In a distributed computing environment, different parts of an application run simultaneously across thousands of machines. Without someone or something in charge to manage all these machines, utter confusion can ensue.
A small group of Yahoo! Research scientists led by Benjamin Reed is trying to bring order to this chaos with a new service they developed called, appropriately enough, Zookeeper.
Zookeeper’s goal is to become an easy-to-use service that any developer can plug into his or her distributed computing project.
Large distributed computing systems typically require a master server, or manager, that coordinates and directs all the other machines. The manager makes sure that each instance of the applicaton has the right configuration, and that if a particular machine fails, there is another one waiting to pick up the slack.
The problem is that developers don't put much thought into writing a manager because it is not the main goal of their projects. What usually happens is one of two things. Either they take their time to build good managers, and deviate from their primary goals. Or, the manager is so simple that it lacks important reliability and scalability features.
“We thought, why don’t we make life easier for developers by creating a service that does this managing task really well and can be used over and over again,” says Reed, who worked on the project along with Yahoo! Research scientists Brian Cooper and Flavio Junqueira. Zookeeper has a supporting cast of engineers including Lawrence
Ramontianu, who worked on an early prototype, as well as Mahadev Konar and Runping Qi, who are part of a group managed by Pete Wyckoff.
Zookeeper, which is packaged as a simple interface, is highly available and can tolerate failures of individual servers. Currently, the Yahoo! message broker is using the service for its configuration needs as well as for failure detection and recovery.
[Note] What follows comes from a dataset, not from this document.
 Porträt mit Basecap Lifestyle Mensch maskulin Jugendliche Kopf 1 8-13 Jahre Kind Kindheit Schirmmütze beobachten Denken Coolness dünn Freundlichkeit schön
If a particular machine fails, zookeeper alerts interested parties about the failure so that other parties can then recover.
Reed and his team also have plans to open source Zookeeper so that applications outside of Yahoo! can benefit from the service. “We really designed it to be a very general service for any distributed system with a large number of machines,” Reed explains. “I’d like to think Zookeeper is applicable to any project.”